I turned and went after him, calling to him. A very forward thing to do-my mother would have been appalled-but I wanted very badly to speak to him.
He swung around, frowned at me, and then said, "Miss Crawford," in a very cool tone of voice as he removed his hat and stood waiting impatiently for me to explain myself.
"I'm so sorry," I said, lying through my teeth-I was no such thing. "Do you have a moment?"
"I'm late for a meeting-but yes, I have a moment."

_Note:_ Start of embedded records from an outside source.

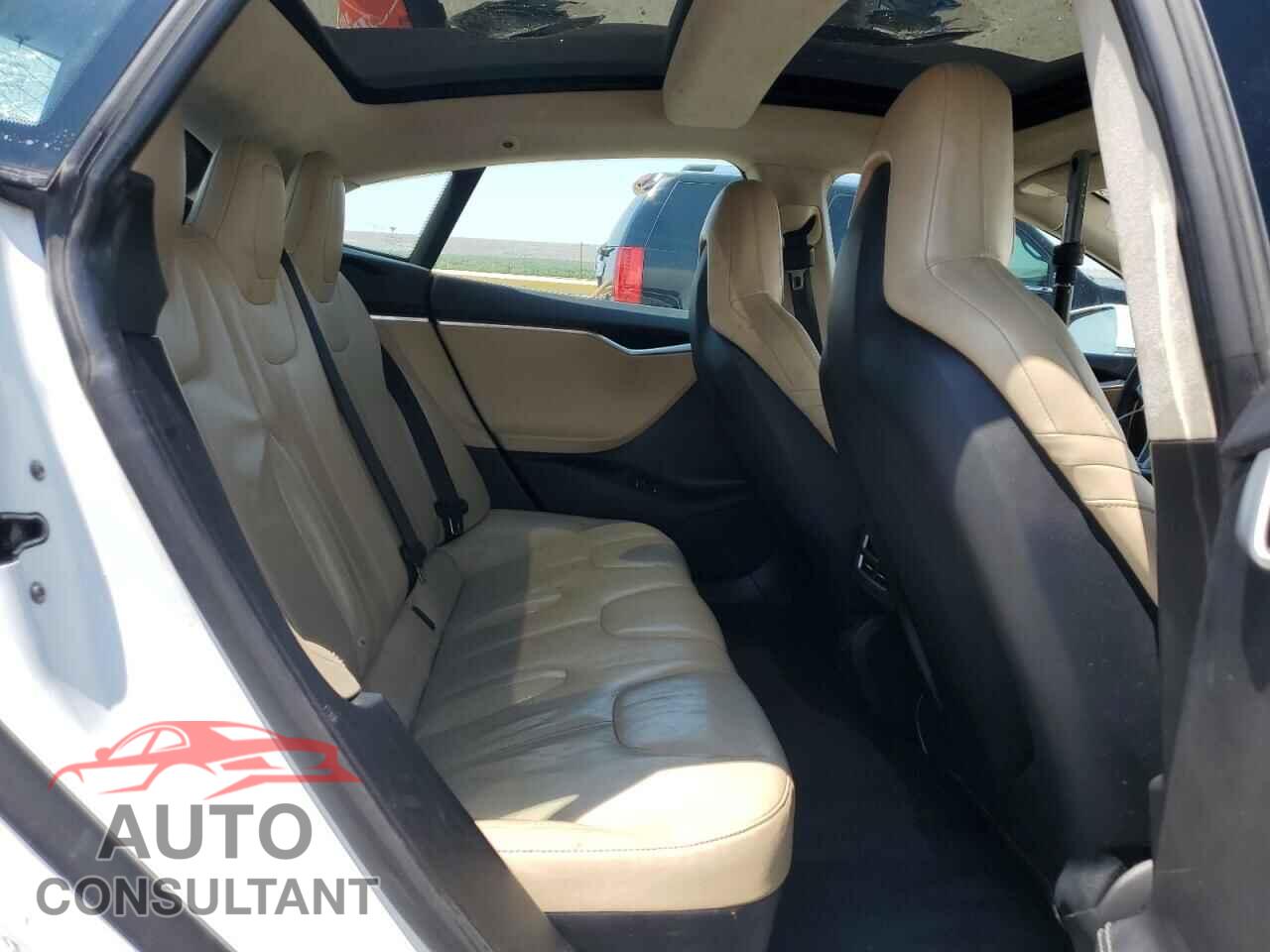 TESLA MODEL S 2016 - 5YJSA1E28GF120436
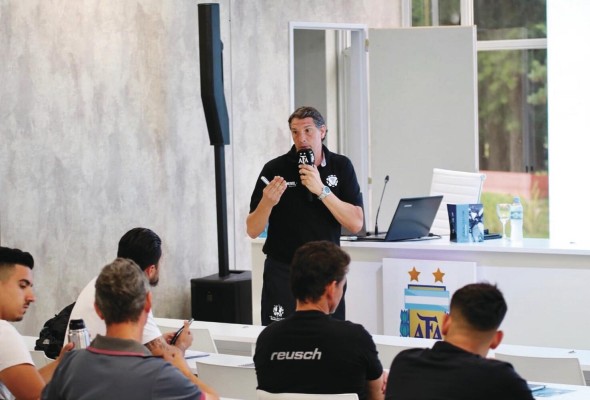 Saccone durante una de sus intervenciones como parte del 'staff' de instructores de la Conmebol para Sudamérica. “Vamos por los distintos países miembros, a pedido de los países, dando cursos tanto de iniciación como de alto rendimiento”, señala.
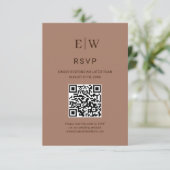 Elegante Eenvoudige Mocha Mousse met Monogram Huwe RSVP Kaartje (Staand voorkant)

It would have been better to return to the hotel, b
ut Michael Hart might well still be in the lounge just off Reception.
I said rather too quickly, "I made no mention of it when I was a guest in your home. I thought it out of place to bring it up so publicly. But I think you should know that I saw your sister-in-law, Marjorie Evanson, the evening she was killed. Perhaps this will help you narrow the search before your wife-" I broke off.
His face lost all expression, smoothing into flat planes of light and shadow without any emotion. "Indeed. The police never said anything to me about this. You were with her…?" He left it there, waiting.
"No, I saw her. I'd just come in on the train from Hampshire. She was standing directly in my path." I hesitated. "She was crying. Terribly upset. I couldn't help but notice. And there was a man with her. He boarded the train, and she walked away alone. I lost her in the rain and the crowds. I never saw her again."
"How could you possibly have recognized Mrs. Evanson?" His voice was cold, now, and very hard. "What is it you want, young woman? Is this an attempt at blackmail?"
I was so angry I stared at him, speechless. Then I found my voice. "Commander Melton," I said in the tones of a ward sister dealing with an unruly patient, "I didn't wish to distress Mrs. Melton while I was at Melton Hall, but I nursed Lieutenant Evanson in France and had just accompanied him and other patients to Laurel House the day Mrs. Evanson was killed. Your sister-in-law's photograph was with him day and night. I'd also seen it not half an hour before taking the train to London. I couldn't possibly have mistaken his wife's face, even in such distress."
He had the grace to look ashamed. "I'm-sorry. This has been a terrible business, and my wife is still grieving for her brother. We have both been under considerable strain-" He broke off, aware he was running on. Then he asked, tightly, "Did you also recognize the man with her? Please tell me who he was."
"I'm afraid not. He was an officer in the Wiltshire Fusiliers, and I have a good memory for faces. I believe I'd know him if I saw him again."